* **About this exercise**: Please output exactly the part of the records below that opens with the line containing "Vertical Yacht Photos" and closes with the line containing "lavender blackberry scones", both lines included, and nothing else.

[Records excerpted from a collection]

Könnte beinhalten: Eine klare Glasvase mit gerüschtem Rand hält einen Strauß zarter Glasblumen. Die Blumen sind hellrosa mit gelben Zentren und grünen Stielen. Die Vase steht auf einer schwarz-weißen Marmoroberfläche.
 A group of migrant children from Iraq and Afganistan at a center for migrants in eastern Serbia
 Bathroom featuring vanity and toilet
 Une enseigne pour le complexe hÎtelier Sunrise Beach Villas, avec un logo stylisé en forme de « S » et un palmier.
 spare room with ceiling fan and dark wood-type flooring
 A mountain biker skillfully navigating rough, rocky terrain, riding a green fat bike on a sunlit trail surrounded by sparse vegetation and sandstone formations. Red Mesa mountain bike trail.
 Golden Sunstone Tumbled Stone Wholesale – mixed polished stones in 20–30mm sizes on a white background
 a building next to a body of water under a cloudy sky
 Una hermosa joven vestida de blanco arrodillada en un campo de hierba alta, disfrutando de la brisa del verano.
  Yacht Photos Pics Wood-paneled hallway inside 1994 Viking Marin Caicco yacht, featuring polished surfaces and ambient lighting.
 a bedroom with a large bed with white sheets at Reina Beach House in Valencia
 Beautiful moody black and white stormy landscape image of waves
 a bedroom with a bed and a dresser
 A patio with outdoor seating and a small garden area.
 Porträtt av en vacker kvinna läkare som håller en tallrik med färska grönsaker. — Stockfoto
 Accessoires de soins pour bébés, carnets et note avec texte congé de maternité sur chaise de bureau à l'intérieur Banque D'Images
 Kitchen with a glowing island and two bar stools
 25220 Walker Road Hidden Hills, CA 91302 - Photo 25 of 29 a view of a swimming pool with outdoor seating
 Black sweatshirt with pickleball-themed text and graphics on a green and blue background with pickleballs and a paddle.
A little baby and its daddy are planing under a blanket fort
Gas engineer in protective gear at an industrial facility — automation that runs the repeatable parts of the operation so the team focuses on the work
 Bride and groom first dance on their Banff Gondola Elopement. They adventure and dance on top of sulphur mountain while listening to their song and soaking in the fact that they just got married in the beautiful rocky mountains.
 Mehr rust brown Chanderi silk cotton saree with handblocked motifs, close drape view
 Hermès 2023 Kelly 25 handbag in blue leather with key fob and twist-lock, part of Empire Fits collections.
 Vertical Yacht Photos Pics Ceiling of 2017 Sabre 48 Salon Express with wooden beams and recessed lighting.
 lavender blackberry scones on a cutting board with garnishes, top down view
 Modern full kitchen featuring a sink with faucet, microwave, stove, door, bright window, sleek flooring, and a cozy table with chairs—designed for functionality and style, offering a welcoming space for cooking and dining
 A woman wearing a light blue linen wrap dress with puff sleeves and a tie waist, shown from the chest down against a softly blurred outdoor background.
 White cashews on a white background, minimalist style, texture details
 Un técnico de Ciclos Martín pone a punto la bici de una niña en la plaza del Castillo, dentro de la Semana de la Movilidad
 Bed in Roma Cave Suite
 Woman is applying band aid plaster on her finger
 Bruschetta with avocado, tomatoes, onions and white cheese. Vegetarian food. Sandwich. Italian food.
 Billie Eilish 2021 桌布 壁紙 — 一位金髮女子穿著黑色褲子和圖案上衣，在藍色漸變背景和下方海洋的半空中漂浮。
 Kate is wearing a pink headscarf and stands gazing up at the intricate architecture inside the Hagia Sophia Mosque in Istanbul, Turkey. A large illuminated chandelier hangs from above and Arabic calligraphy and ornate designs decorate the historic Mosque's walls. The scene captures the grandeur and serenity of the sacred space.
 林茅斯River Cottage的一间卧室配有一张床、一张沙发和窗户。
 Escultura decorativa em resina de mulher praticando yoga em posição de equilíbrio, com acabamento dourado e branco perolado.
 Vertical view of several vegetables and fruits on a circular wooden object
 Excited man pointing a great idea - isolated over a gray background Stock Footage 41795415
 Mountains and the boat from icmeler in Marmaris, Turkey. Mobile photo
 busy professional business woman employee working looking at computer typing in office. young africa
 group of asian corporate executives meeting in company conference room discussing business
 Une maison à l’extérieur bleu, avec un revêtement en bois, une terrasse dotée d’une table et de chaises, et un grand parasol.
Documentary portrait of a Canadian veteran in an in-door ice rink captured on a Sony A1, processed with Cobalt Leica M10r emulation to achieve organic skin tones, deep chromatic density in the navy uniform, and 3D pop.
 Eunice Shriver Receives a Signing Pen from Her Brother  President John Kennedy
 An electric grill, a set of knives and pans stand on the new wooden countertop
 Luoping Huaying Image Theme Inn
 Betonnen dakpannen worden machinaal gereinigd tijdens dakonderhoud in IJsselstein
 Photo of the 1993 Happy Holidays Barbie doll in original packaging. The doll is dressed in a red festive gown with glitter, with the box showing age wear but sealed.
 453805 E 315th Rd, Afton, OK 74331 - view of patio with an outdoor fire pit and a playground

* **Response below**:
 Vertical Yacht Photos Pics Ceiling of 2017 Sabre 48 Salon Express with wooden beams and recessed lighting.
 lavender blackberry scones on a cutting board with garnishes, top down view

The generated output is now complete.